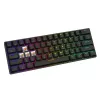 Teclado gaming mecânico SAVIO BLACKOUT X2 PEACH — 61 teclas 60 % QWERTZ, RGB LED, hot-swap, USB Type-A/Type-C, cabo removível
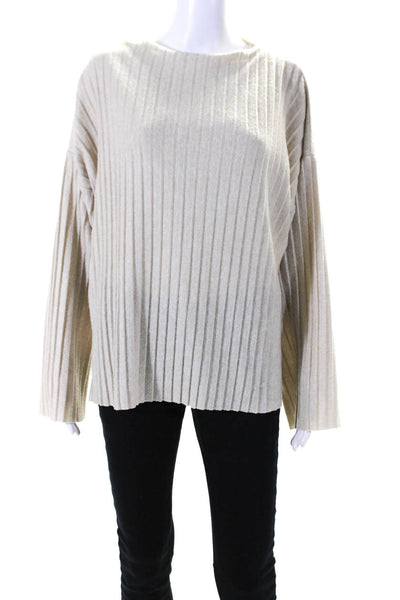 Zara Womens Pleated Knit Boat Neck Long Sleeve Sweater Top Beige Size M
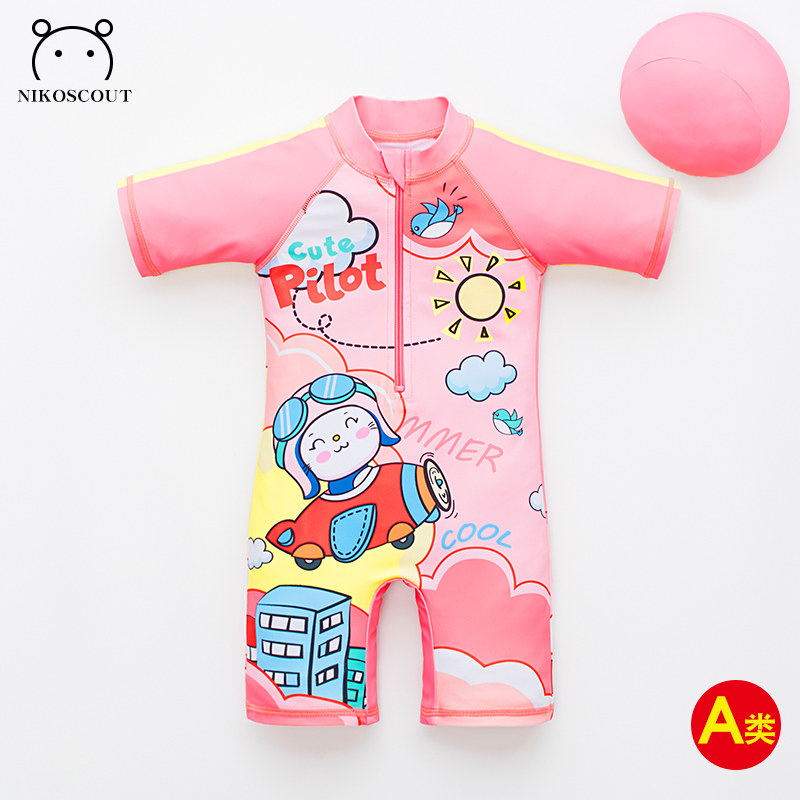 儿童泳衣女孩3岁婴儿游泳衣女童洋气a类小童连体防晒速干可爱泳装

Problem:
Copy the data above word for word. Pictures stay out.

Your response:
 Teclado gaming mecânico SAVIO BLACKOUT X2 PEACH — 61 teclas 60 % QWERTZ, RGB LED, hot-swap, USB Type-A/Type-C, cabo removível
 Zara Womens Pleated Knit Boat Neck Long Sleeve Sweater Top Beige Size M
 儿童泳衣女孩3岁婴儿游泳衣女童洋气a类小童连体防晒速干可爱泳装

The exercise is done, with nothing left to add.